多くのAndroidアプリでは、処理を高速化する目的などから、キャッシュファイルを利用しますが、それらの不具合が原因で処理速度の低下が発生した場合は、多くのケースにおいて、最適化を実行することで解消できます。キャッシュファイルの役割は、例えば、あらかじめ頻繁に実行される処理をキャッシュファイルとして生成しておけば、以後はキャッシュファイルから読み出せば、再度処理を実行する必要がなくなります。また、オンラインでデータをやりとりするアプリでは、サーバーからダウンロードしたデータをキャッシュとして保存しておけば、再度ダウンロードが必要なくなり、モバイルデータ通信の利用量を節約することができます。
そんな便利なAndroidのキャッシュ機能ですが、長期にわたって使用することで、アプリのバグや仕様などによってファイルが損傷するケースや、処理の途中でネットワークが切断したり、電源が落ちるといったトラブルがあれば、不完全なファイルが残ってしまうことがあります。そのような状態で、キャッシュファイルが必要となるアプリを使用し続ければ、毎回該当するファイルにアクセスして整合性のチェックをすると破損が確認されたため、新規にキャッシュファイルを生成するという動作を繰り返し、結果として、全体的な処理の低下へと繋がってしまいます。そのために、Android OSを採用したデバイスでは、キャッシュファイルに起因する処理速度の低下が発生した場合は、ある程度定期的にキャッシュファイルを削除して、最適化をする必要があります。
これらの作業には、別途アプリのインストールは必要なく、Androidの持つシステム単独で実行することができます。Android6以降のバージョンを例に挙げると、「設定」「ストレージとUSB」「内部ストレージ」「キャッシュデータ」とタップして行くと表示されるポップアップメニューの「OK」をタップすれば、インストールされているすべてのアプリのキャッシュデータが削除されます。なお、ここで削除されるのは、あくまでもキャッシュのみであり、各アプリの設定やユーザーデータには一切影響を与えないので、安心して実行できます。しばらく待つと、キャッシュの削除が終わり、内部ストレージの空き容量が大幅に増えたことが確認できます。つづいて電源ボタンを長押しすると表示されるポップアップメニューの「再起動」をタップし、再起動が完了してから各種アプリを起動させれば、必要に応じて、キャッシュファイルが再生成されます。ここまでの作業で、ひとまずは最適化が完了し、キャッシュファイルに起因するトラブルは概ね解消されますが、一部、それでも解決できないケースがあります。

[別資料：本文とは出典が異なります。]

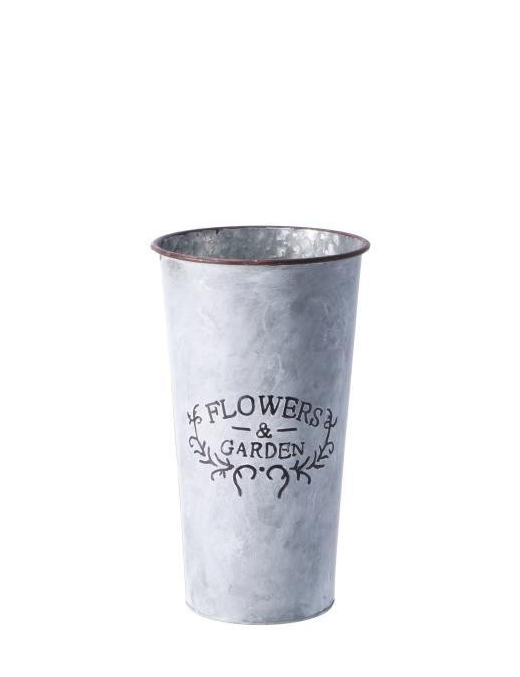 ROUND PLANTER 17x30 CENTIMETERS IN IRON AND ROPE HANDLES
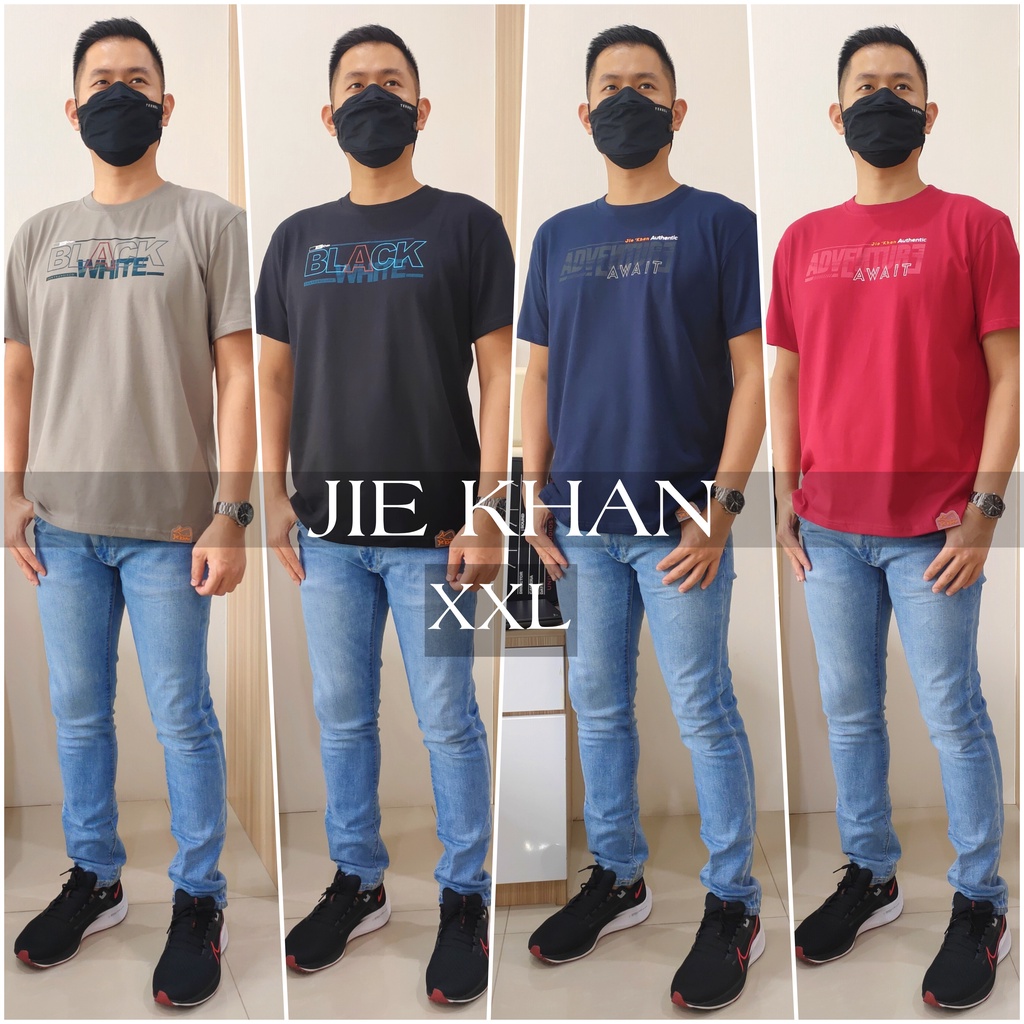 JIE KHAN KAOS COMBED XXL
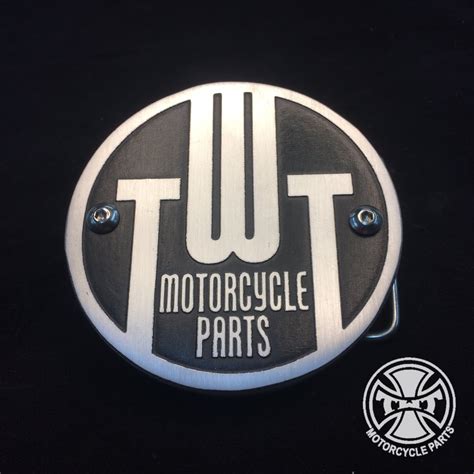 Twt Motorcycle Parts — Points Cover To Belt Buckle Backing Plate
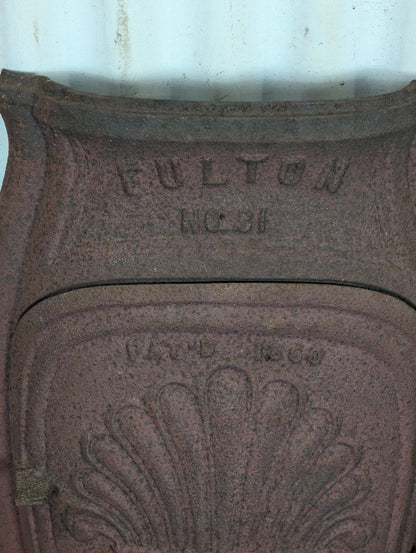 Vintage Cast Iron “Fulton” Stove Part - view 2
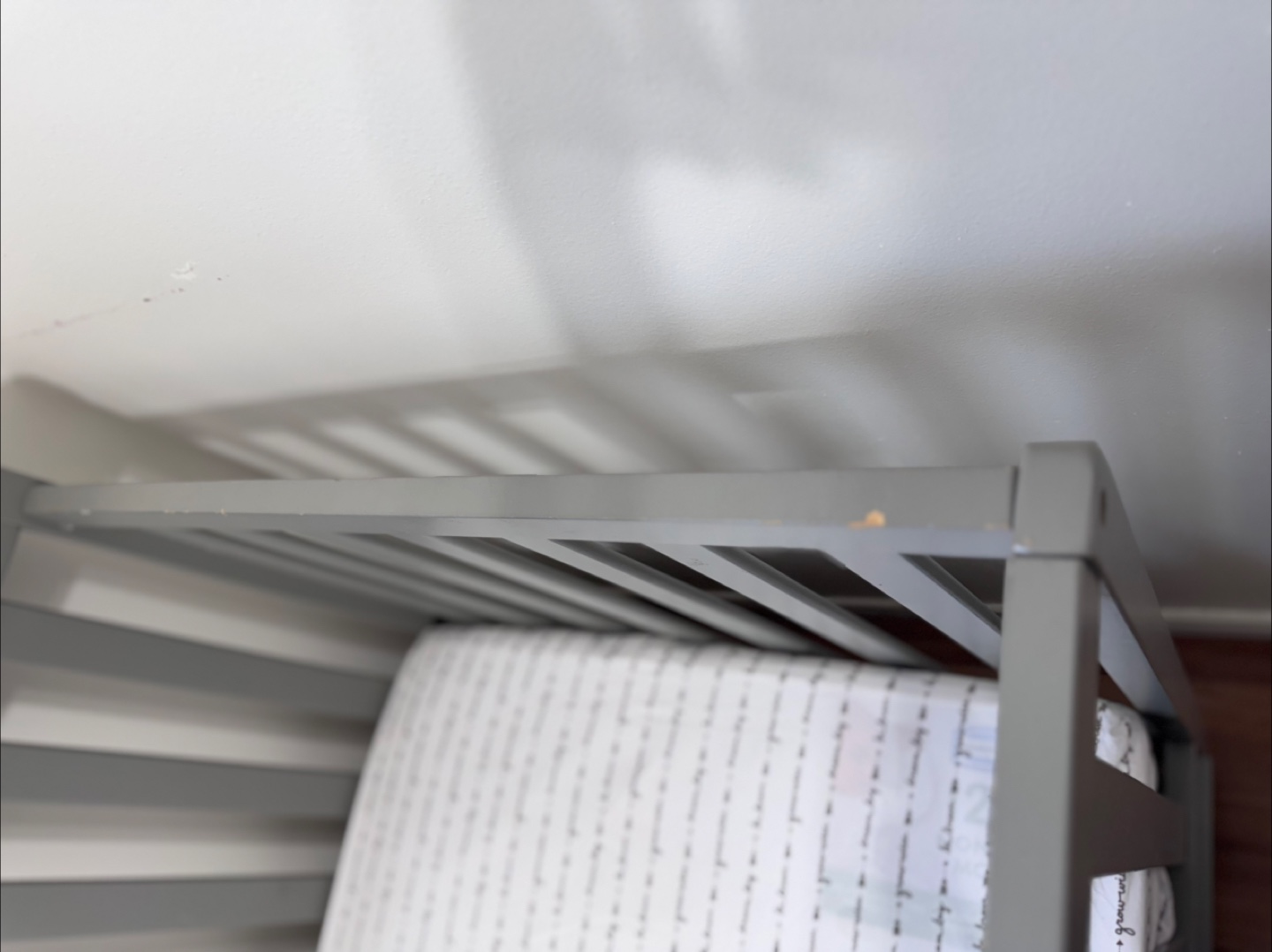 Grey Baby Crib with Mattress - photo 5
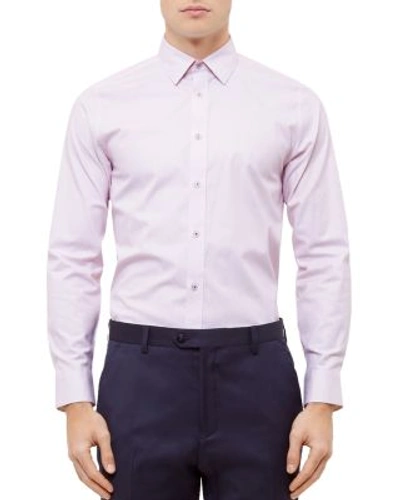 Ted Baker Fiwhy Woven Striped Slim Fit Dress Shirt In Pink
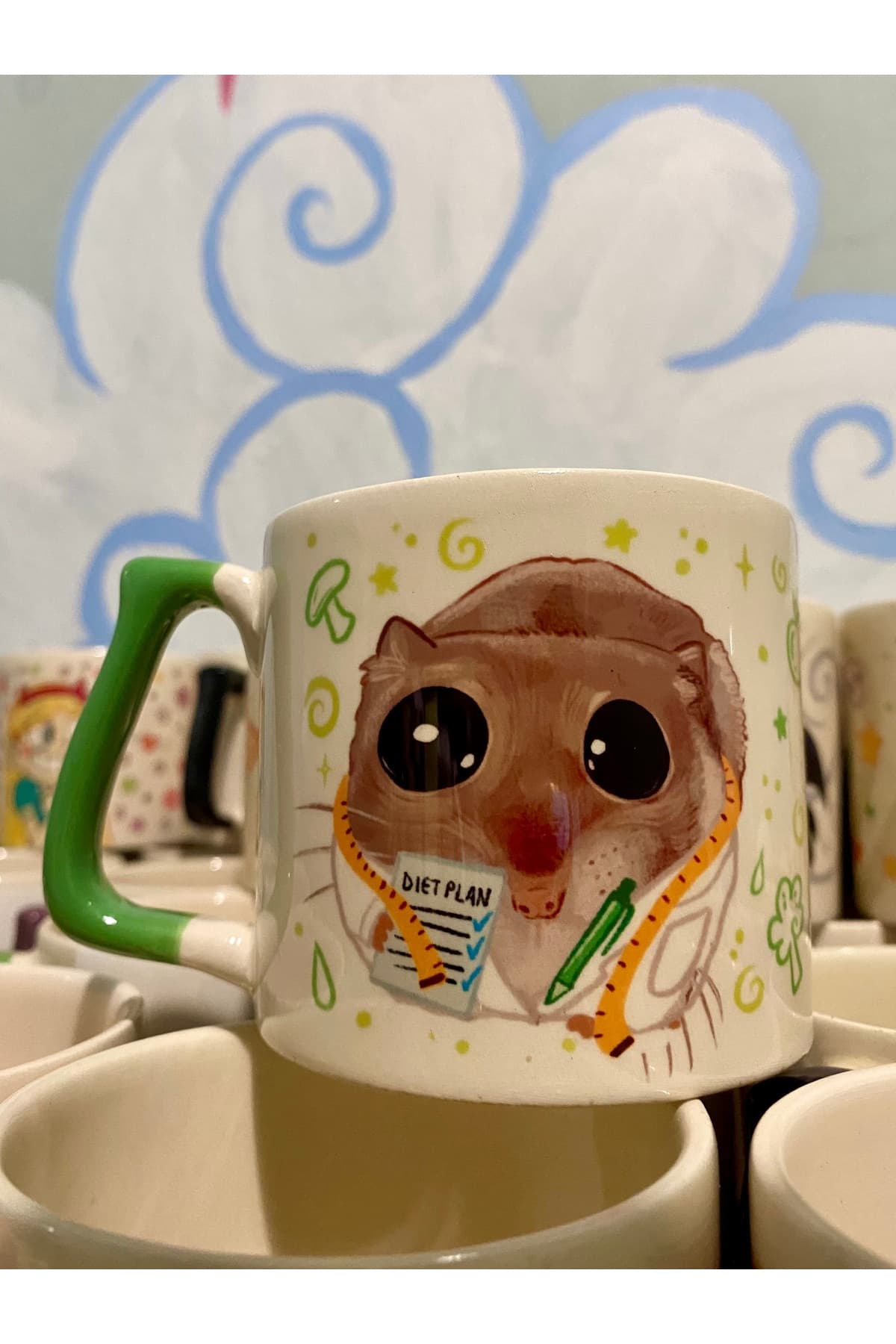 Sad Üzgün Hamster Meslek: Diyetisyen (Dietician) Kupa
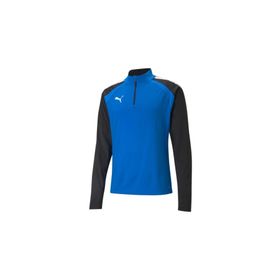 Puma Teamliga 1 4 Zip Top Mavi Erkek Futbol Antrenman Uzun Kollu Tişört
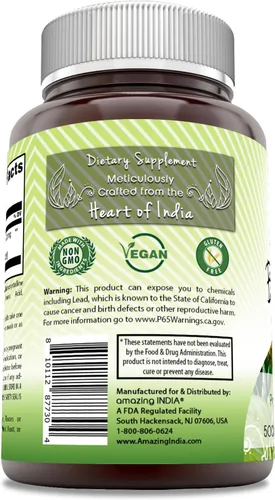 Miniatura 2 de Amazing India Suplemento de bromelina 500 mg por porción 120 tabletas Sin OMG Sin OMG Fabricado en Estados Unidos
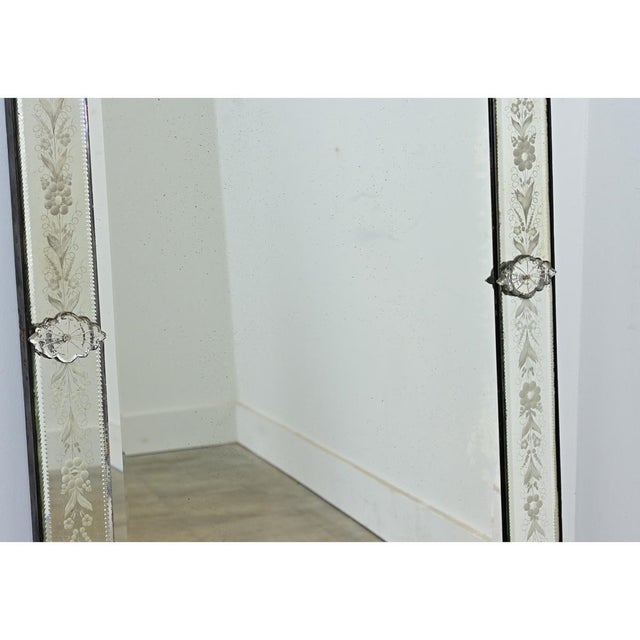 Italian 19th Century Venetian Mirror in Rectangular Frame For Sale - Image 10 of 14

Androidでは、上記のような、ユーザーによって削除が行えるキャッシュの他に、通常の方法ではアクセスできないキャッシュパーティションがあります。発生している不具合にキャッシュパーティションに保存されているキャッシュが起因している場合は、こちらも削除する必要があります。キャッシュパーティションに保存されているキャッシュを削除するには、リカバリーモードでデバイスを起動します。まずは、Androidをシャットダウンし、完全に電源を落とした状態にします。つづいて、音量を下げるボタン、音量を上げるボタン、電源ボタンを、起動するまで同時に押し続けます。すると、Androidではお馴染みの緑色のロボットのDroid君が横たわり、お腹のハッチが開いている画像が表示されます。ここで、デバイスによりますが、音量ボタンを押すとメニューが切り替わったり、カーソルが動くので、Recovery modeを選択してから電源ボタンを短く1回押し、リカバリーモードに入ります。コマンドリストが表示されるので、音量ボタンでカーソルを切り替えて「wipe cache partition」を選択し、電源ボタンを押すと、確認のダイアログが表示されるので、音量ボタンで「Yes」に切り替えてから電源ボタンを押せば、キャッシュパーティションの内容が削除されます。しばらくすると表示される「Reboot system now」を選択して電源ボタンを押せば、Androidが再起動され、最適化が完了します。こちらも前述のキャッシュを削除した方法と同様、アプリを起動すれば、適宜キャッシュファイルが再生成されます。